*What you need to do*. Omit the pictures and return exactly the stretch of the material below from the line with "Ardell Nail Addict" through the line with "Image similar to".

*Records provided*.
== Segment start ==

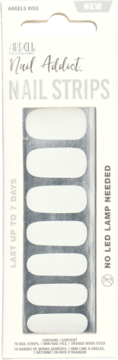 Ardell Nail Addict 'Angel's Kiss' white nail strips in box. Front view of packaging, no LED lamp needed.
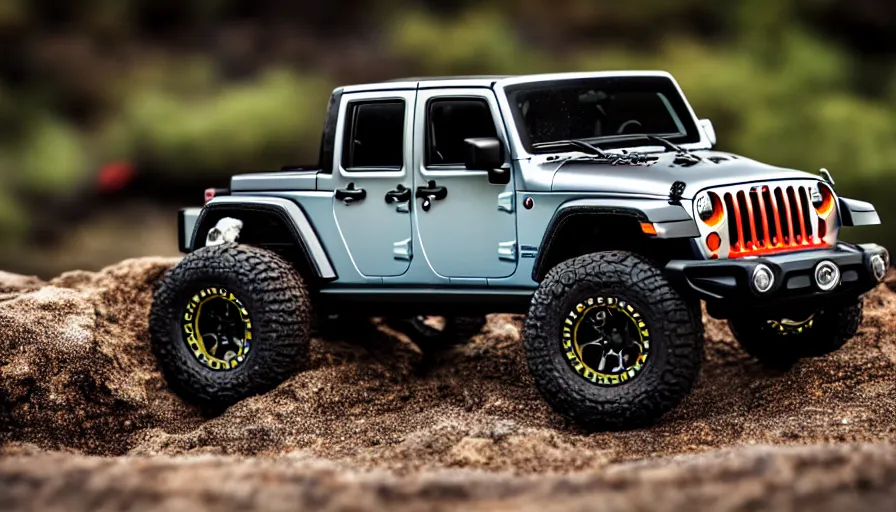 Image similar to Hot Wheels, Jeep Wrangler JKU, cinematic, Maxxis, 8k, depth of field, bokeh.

== Segment end ==
== Segment start ==

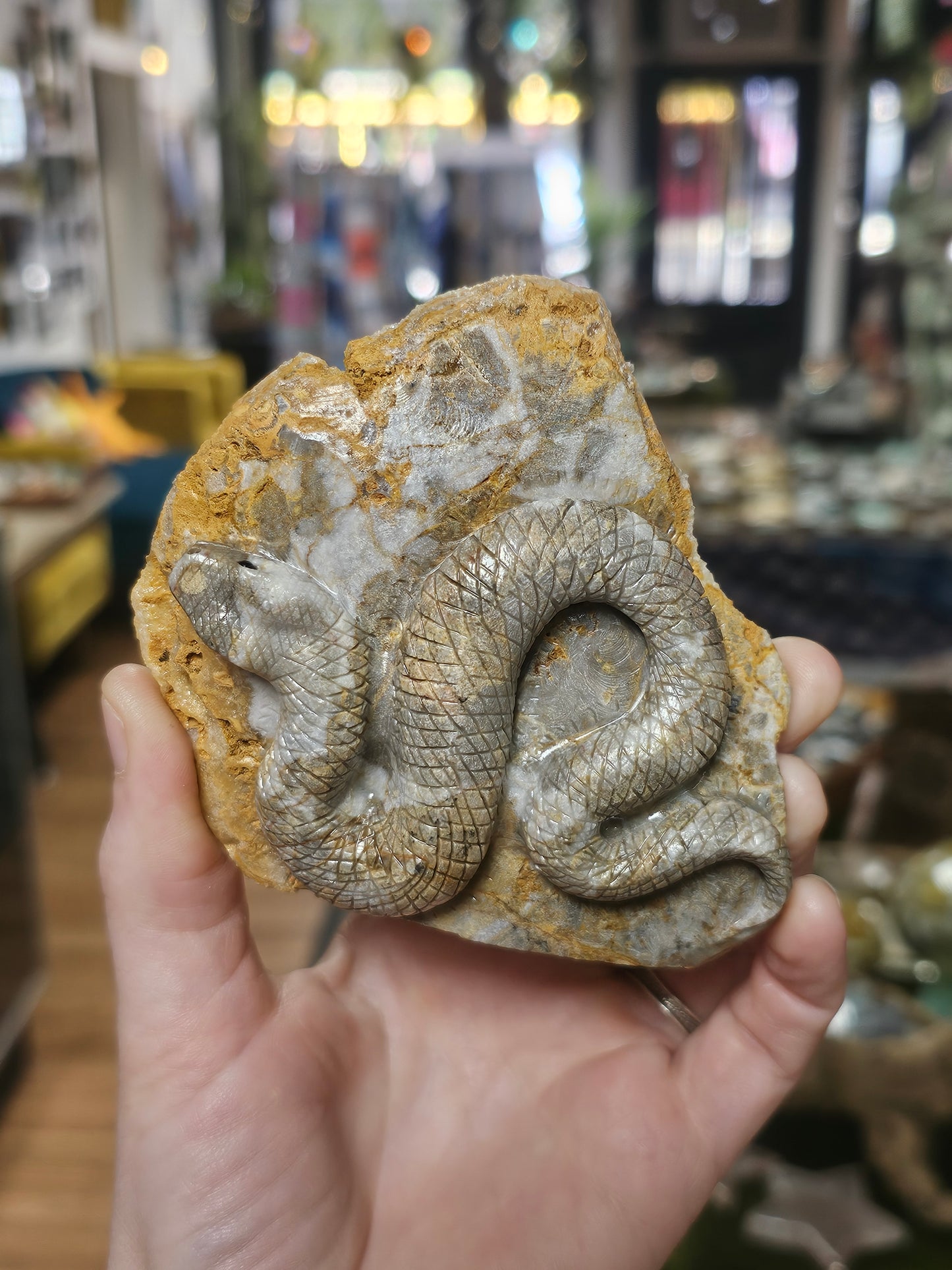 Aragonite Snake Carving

== Segment end ==

*Reply to the exercise*.
 Ardell Nail Addict 'Angel's Kiss' white nail strips in box. Front view of packaging, no LED lamp needed.
 Image similar to Hot Wheels, Jeep Wrangler JKU, cinematic, Maxxis, 8k, depth of field, bokeh.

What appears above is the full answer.